*** Opening Entries supplied ***

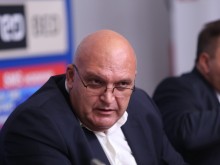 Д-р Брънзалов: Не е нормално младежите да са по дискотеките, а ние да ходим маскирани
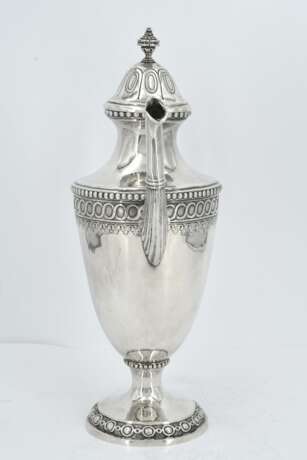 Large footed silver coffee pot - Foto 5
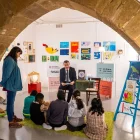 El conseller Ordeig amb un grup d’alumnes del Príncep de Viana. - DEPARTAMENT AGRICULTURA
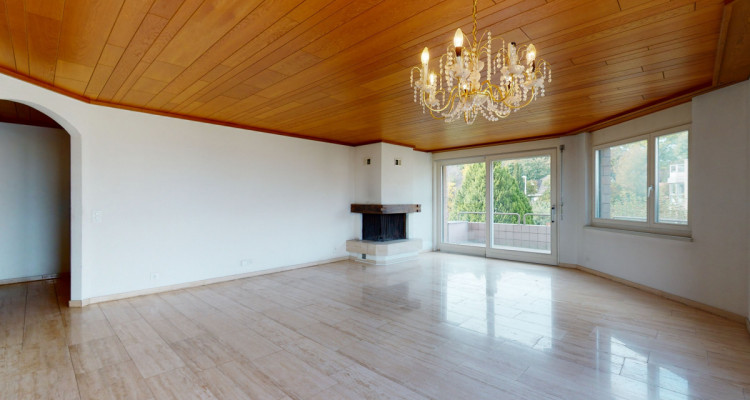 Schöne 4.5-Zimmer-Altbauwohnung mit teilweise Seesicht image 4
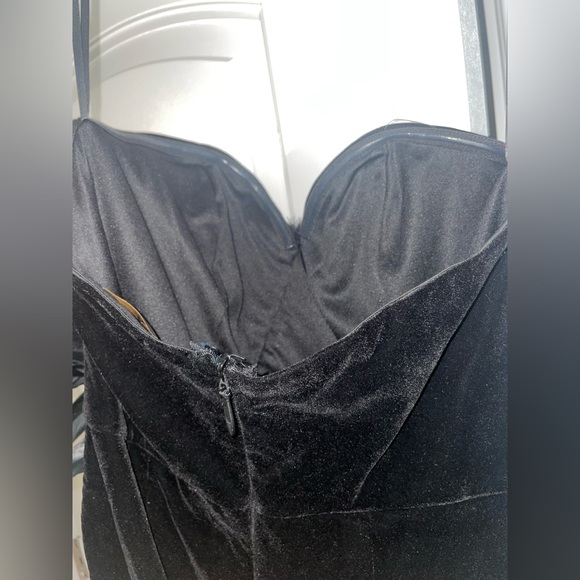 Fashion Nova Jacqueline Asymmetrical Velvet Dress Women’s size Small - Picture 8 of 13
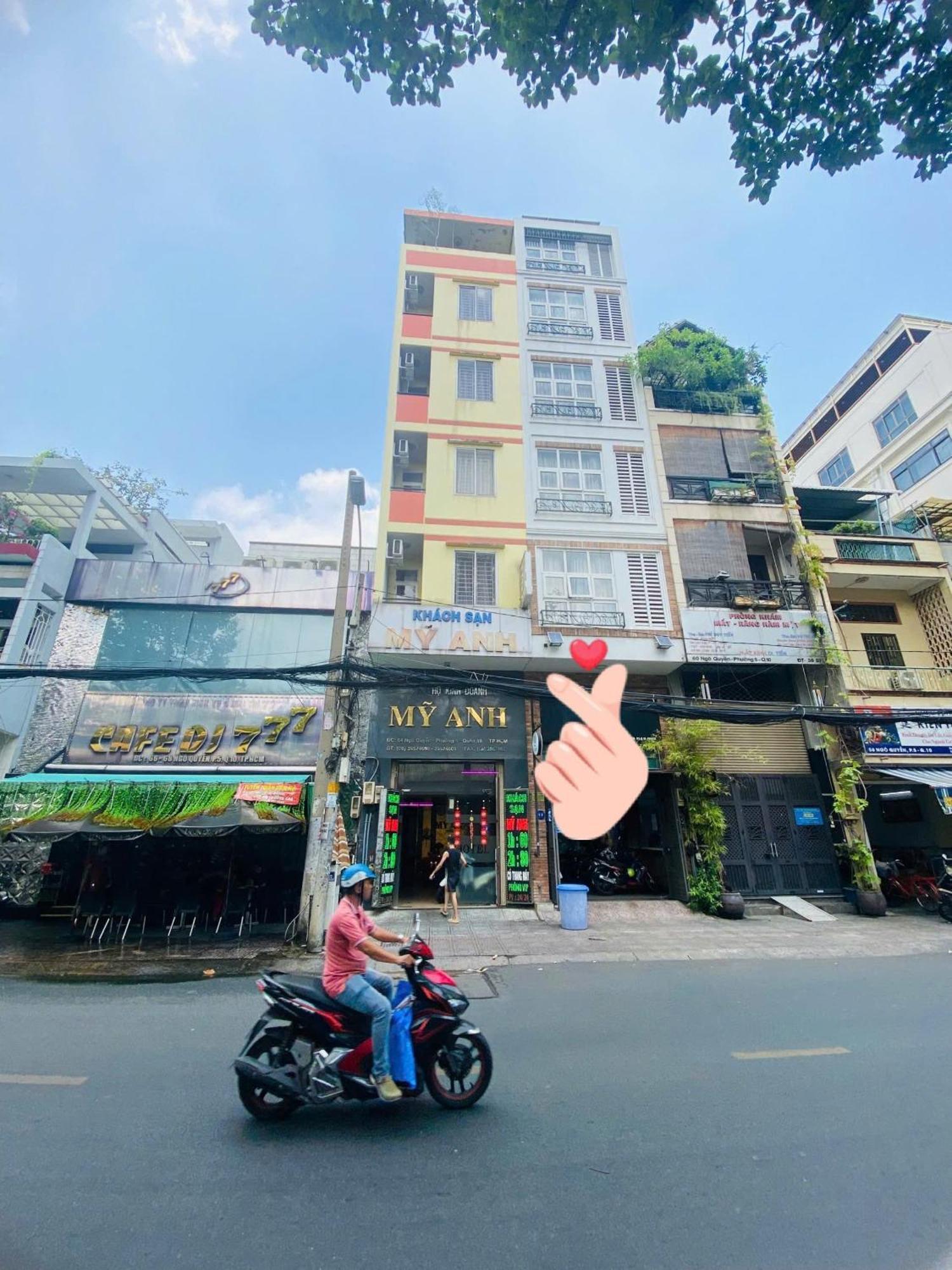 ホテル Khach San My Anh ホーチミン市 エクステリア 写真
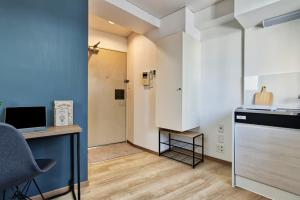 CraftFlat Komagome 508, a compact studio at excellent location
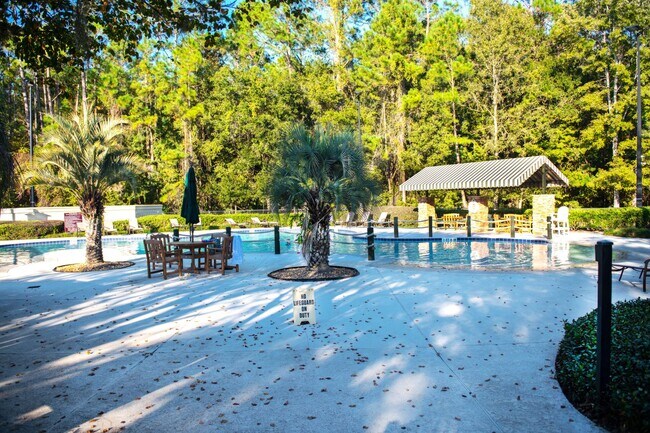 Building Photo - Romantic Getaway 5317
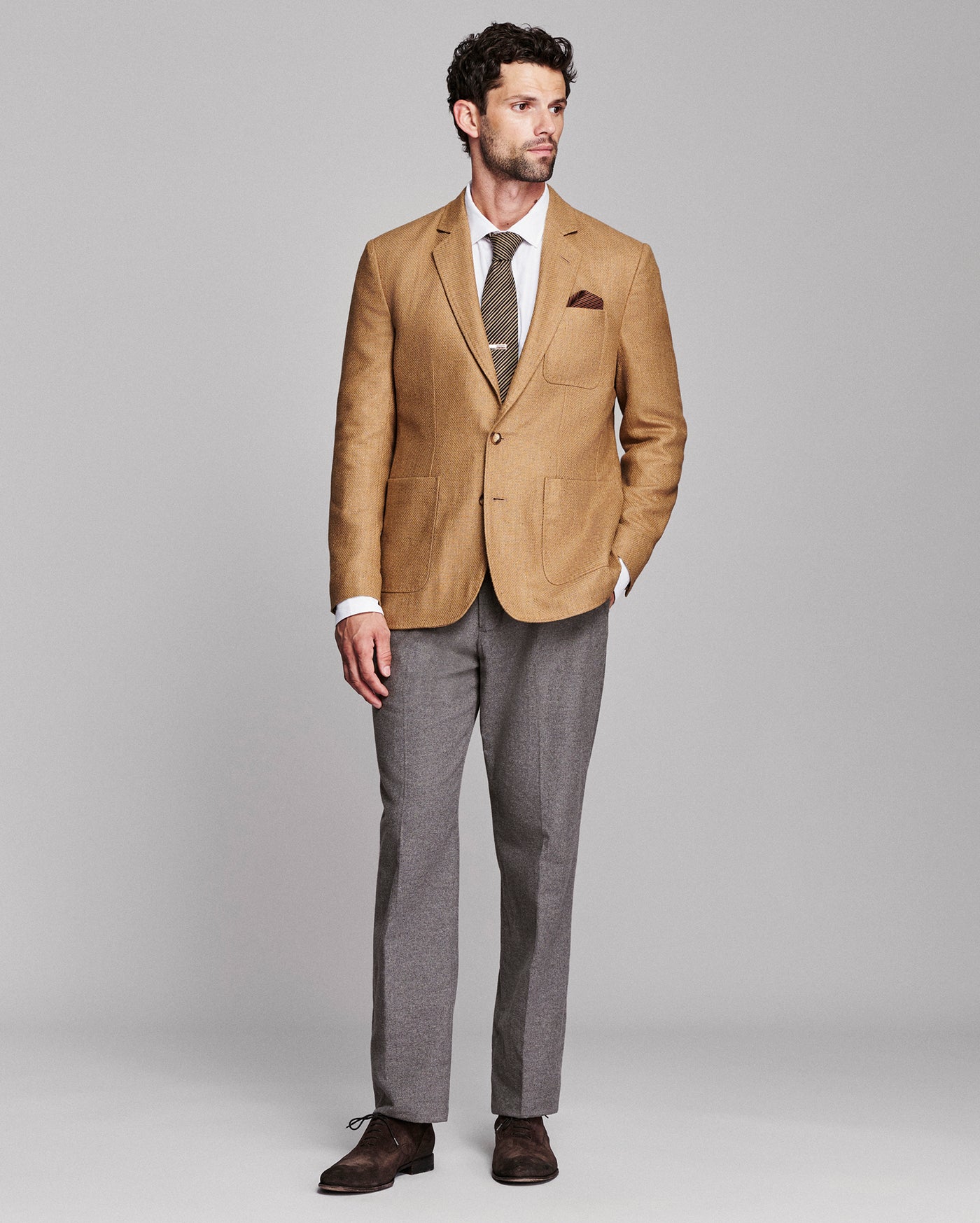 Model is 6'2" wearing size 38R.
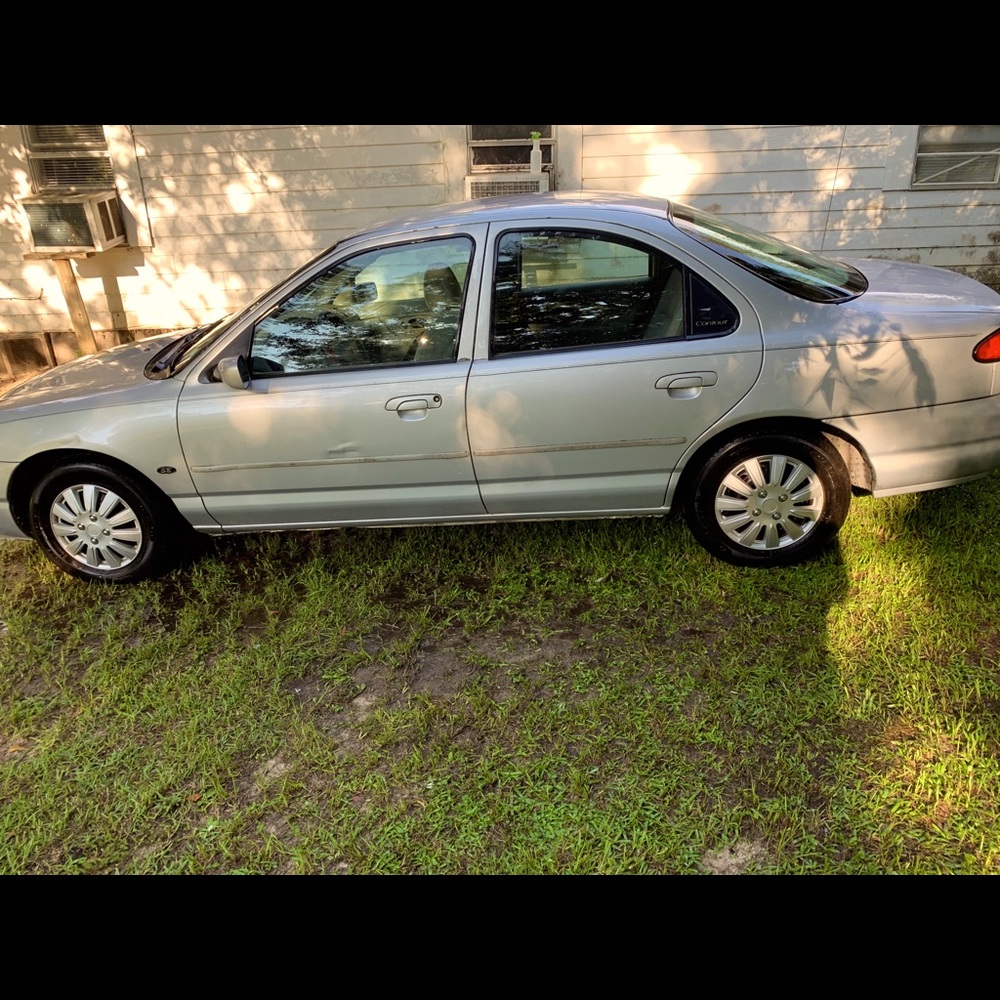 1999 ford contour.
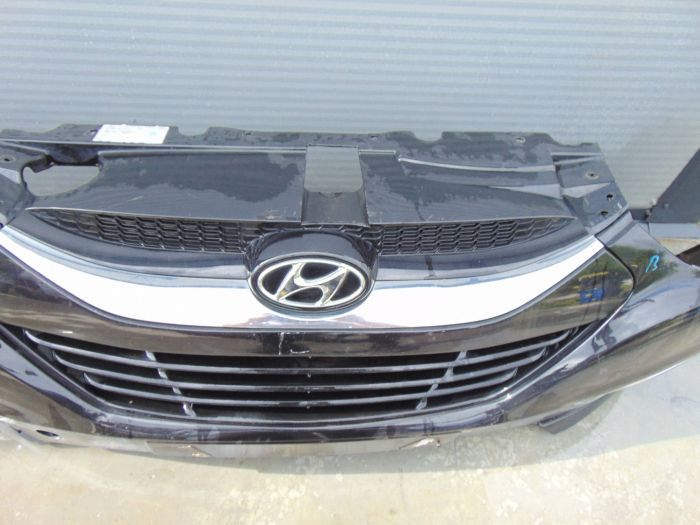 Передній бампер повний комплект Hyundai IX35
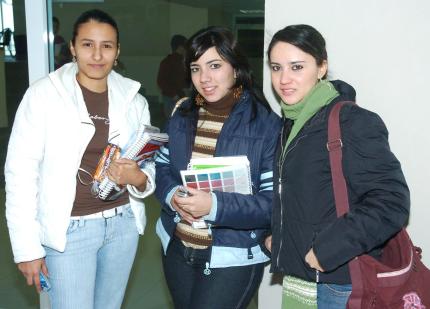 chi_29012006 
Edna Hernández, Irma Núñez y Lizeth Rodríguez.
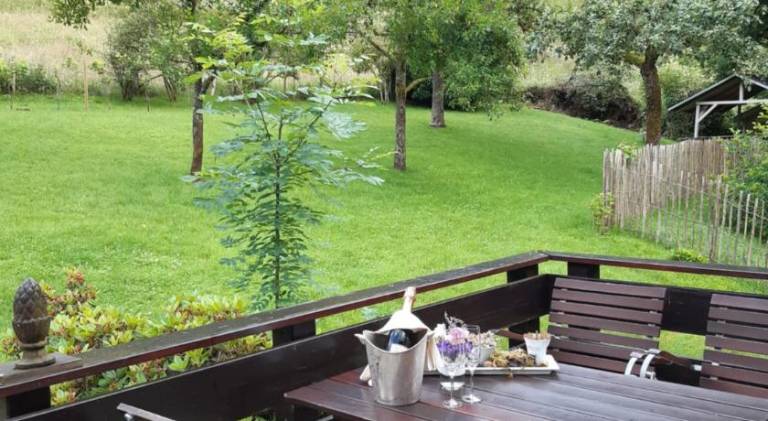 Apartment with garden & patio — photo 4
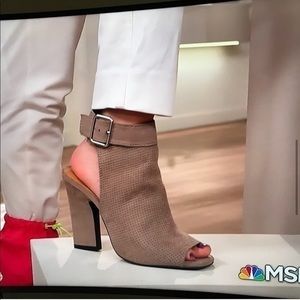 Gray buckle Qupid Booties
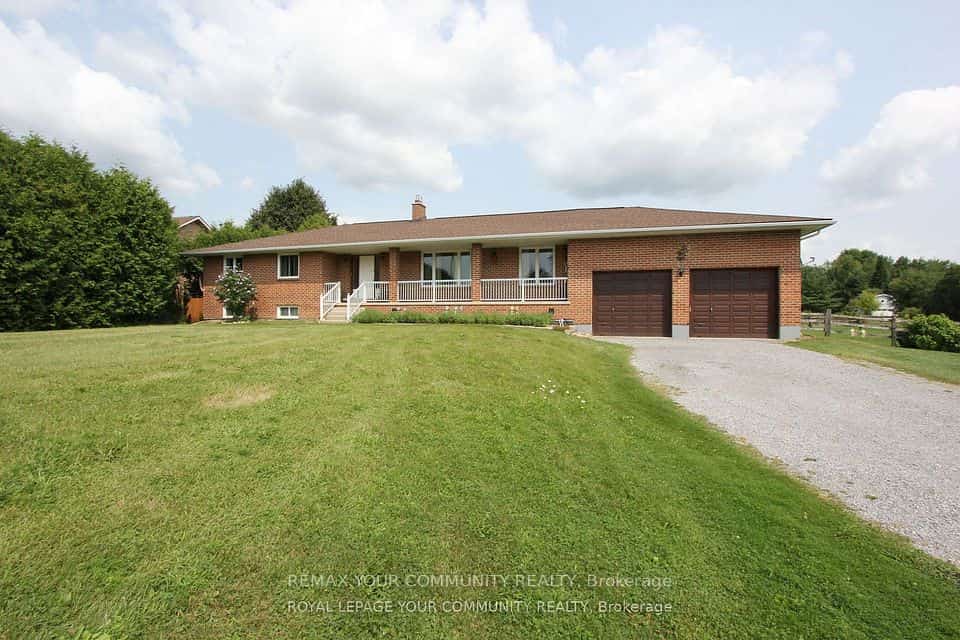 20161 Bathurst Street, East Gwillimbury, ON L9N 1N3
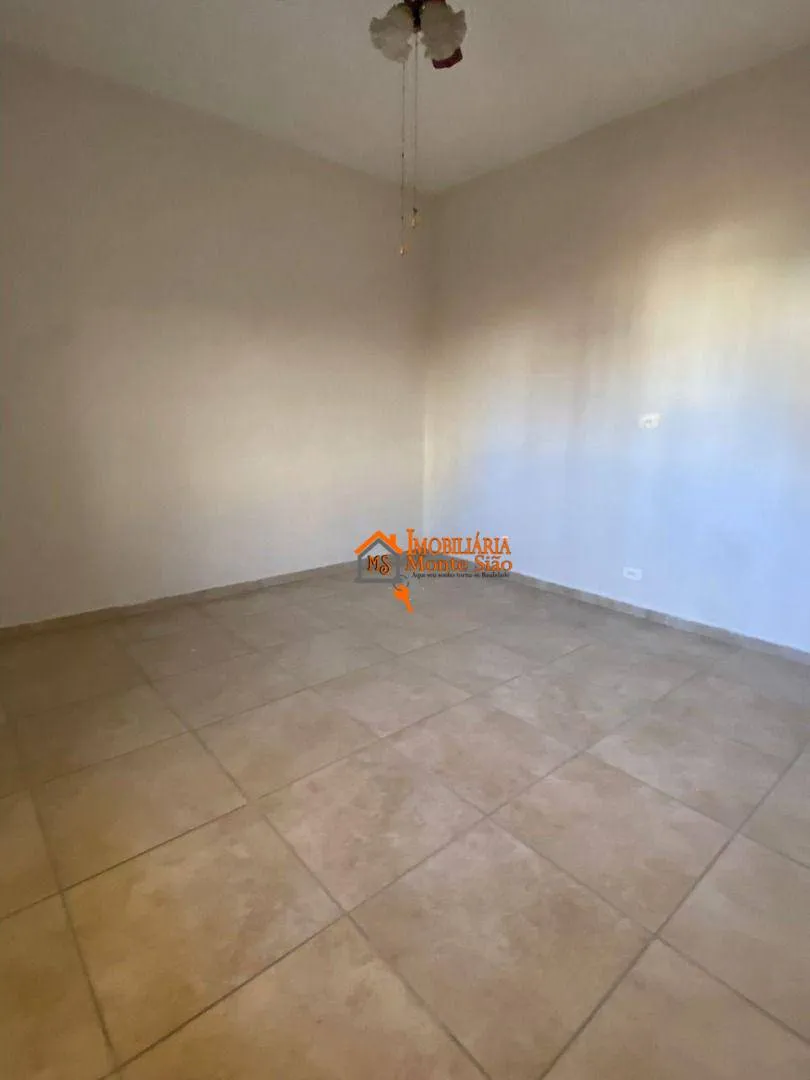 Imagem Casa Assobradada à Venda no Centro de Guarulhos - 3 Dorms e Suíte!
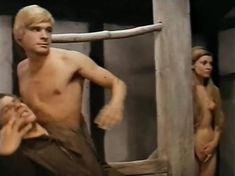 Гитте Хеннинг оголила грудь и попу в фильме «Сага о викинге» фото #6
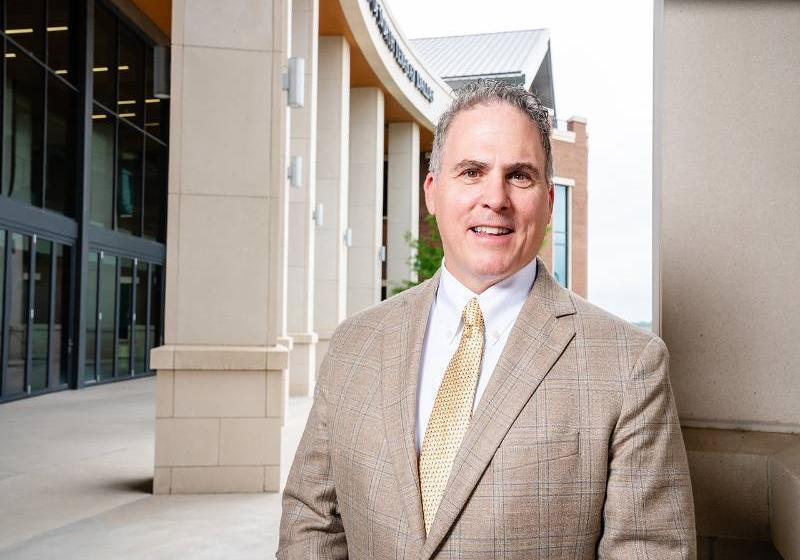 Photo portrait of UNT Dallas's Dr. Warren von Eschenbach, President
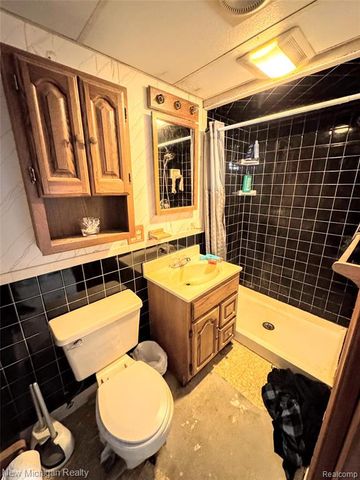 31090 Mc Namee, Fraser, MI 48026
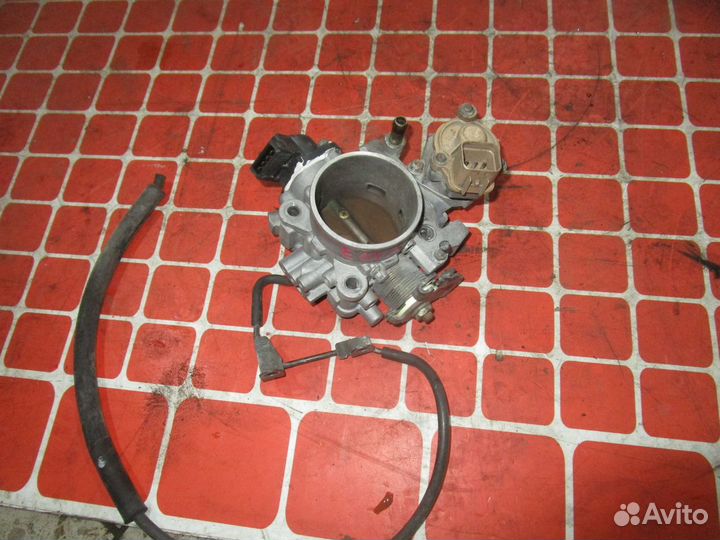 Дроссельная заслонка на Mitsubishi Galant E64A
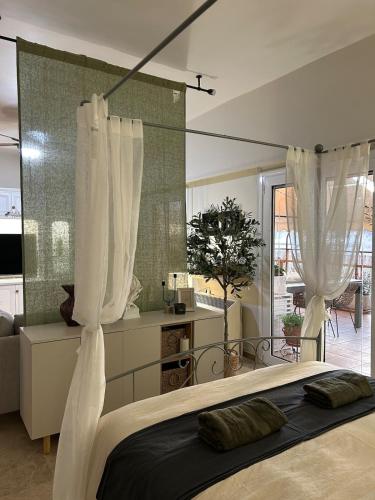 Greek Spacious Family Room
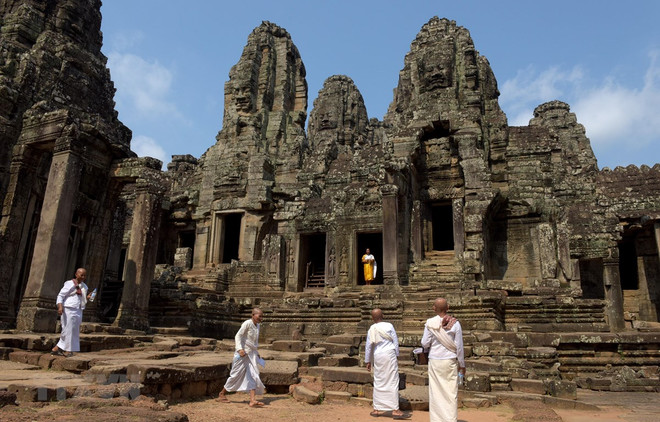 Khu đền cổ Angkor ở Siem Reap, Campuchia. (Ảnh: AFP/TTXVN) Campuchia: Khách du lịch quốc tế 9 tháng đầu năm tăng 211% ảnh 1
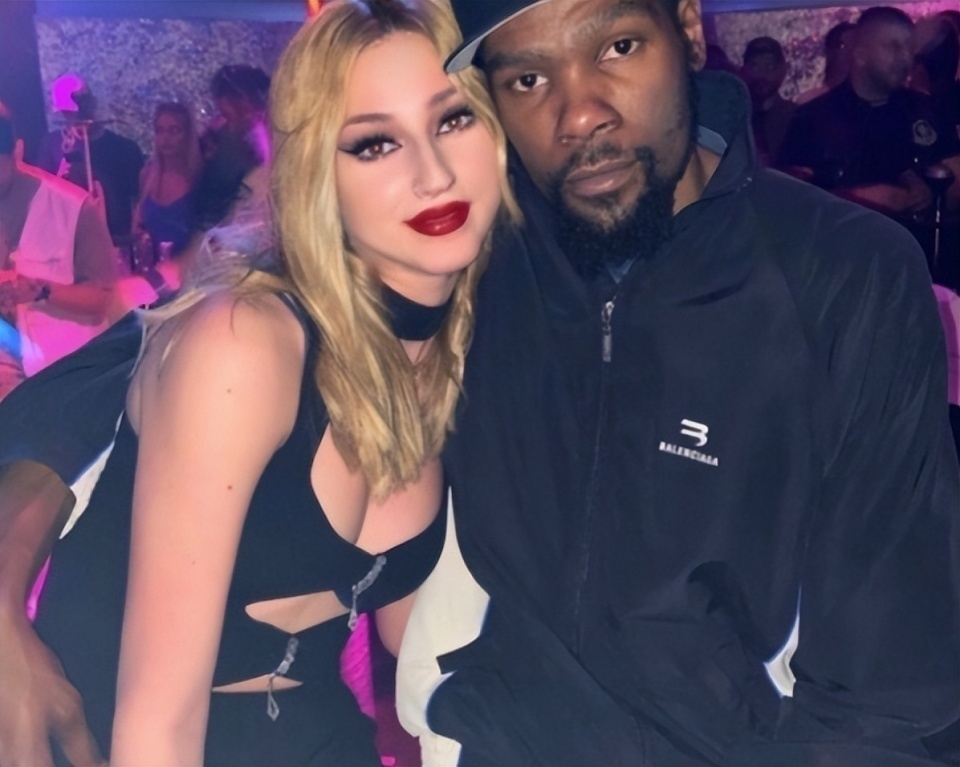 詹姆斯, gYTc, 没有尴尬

*** Closing Entries supplied ***

Required action. Output the data above exactly, excluding images.

Solution for this problem.
 Д-р Брънзалов: Не е нормално младежите да са по дискотеките, а ние да ходим маскирани
 Large footed silver coffee pot - Foto 5
 El conseller Ordeig amb un grup d’alumnes del Príncep de Viana. - DEPARTAMENT AGRICULTURA
 Schöne 4.5-Zimmer-Altbauwohnung mit teilweise Seesicht image 4
 Fashion Nova Jacqueline Asymmetrical Velvet Dress Women’s size Small - Picture 8 of 13
 ホテル Khach San My Anh ホーチミン市 エクステリア 写真
 CraftFlat Komagome 508, a compact studio at excellent location
 Building Photo - Romantic Getaway 5317
 Model is 6'2" wearing size 38R.
 1999 ford contour.
 Передній бампер повний комплект Hyundai IX35
 chi_29012006 
Edna Hernández, Irma Núñez y Lizeth Rodríguez.
 Apartment with garden & patio — photo 4
 Gray buckle Qupid Booties
 20161 Bathurst Street, East Gwillimbury, ON L9N 1N3
 Imagem Casa Assobradada à Venda no Centro de Guarulhos - 3 Dorms e Suíte!
 Гитте Хеннинг оголила грудь и попу в фильме «Сага о викинге» фото #6
 Photo portrait of UNT Dallas's Dr. Warren von Eschenbach, President
 31090 Mc Namee, Fraser, MI 48026
 Дроссельная заслонка на Mitsubishi Galant E64A
 Greek Spacious Family Room
 Khu đền cổ Angkor ở Siem Reap, Campuchia. (Ảnh: AFP/TTXVN) Campuchia: Khách du lịch quốc tế 9 tháng đầu năm tăng 211% ảnh 1
 詹姆斯, gYTc, 没有尴尬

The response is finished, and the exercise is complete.